Source records
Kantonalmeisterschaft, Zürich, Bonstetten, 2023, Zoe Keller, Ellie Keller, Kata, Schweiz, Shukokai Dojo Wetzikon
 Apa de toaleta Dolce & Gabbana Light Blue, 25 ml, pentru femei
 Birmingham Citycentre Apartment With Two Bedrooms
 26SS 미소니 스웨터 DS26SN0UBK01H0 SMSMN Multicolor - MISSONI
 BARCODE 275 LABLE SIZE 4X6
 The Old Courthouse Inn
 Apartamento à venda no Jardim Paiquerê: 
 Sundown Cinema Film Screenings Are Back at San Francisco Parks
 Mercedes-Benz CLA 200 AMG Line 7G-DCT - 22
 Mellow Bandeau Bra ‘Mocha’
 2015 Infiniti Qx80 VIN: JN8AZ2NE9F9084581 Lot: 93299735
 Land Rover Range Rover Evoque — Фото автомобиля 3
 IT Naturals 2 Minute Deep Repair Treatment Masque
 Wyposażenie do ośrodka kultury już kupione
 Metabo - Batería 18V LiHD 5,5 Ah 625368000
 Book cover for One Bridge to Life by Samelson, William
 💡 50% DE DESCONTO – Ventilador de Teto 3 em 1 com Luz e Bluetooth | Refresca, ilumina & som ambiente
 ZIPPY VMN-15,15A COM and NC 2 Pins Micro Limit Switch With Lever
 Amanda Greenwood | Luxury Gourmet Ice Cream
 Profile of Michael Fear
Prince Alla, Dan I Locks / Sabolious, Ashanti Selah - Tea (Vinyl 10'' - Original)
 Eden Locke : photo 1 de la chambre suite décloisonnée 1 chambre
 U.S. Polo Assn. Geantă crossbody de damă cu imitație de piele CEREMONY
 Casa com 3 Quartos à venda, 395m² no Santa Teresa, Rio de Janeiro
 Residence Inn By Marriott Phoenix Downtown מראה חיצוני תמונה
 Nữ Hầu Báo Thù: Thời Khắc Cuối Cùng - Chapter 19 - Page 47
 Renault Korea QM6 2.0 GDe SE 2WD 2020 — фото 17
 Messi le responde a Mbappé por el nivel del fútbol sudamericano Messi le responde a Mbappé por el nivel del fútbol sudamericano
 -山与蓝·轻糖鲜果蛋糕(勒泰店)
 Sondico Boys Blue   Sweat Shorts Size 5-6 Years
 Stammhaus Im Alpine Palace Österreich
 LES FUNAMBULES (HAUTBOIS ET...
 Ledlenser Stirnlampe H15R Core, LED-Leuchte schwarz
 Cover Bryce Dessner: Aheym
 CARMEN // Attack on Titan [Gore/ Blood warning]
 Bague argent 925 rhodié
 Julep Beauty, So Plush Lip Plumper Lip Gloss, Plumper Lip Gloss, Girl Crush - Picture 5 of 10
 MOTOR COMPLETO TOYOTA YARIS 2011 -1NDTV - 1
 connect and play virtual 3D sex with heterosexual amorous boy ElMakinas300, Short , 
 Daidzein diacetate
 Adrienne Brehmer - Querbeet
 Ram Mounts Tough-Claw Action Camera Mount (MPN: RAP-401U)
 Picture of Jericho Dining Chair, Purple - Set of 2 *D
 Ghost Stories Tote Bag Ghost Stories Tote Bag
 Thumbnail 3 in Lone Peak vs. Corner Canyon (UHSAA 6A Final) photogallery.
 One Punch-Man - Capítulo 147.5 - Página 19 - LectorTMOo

How to complete this task: Search the entries above for the string "Picture". Copy each line that holds it.

Written solution:
 Julep Beauty, So Plush Lip Plumper Lip Gloss, Plumper Lip Gloss, Girl Crush - Picture 5 of 10
 Picture of Jericho Dining Chair, Purple - Set of 2 *D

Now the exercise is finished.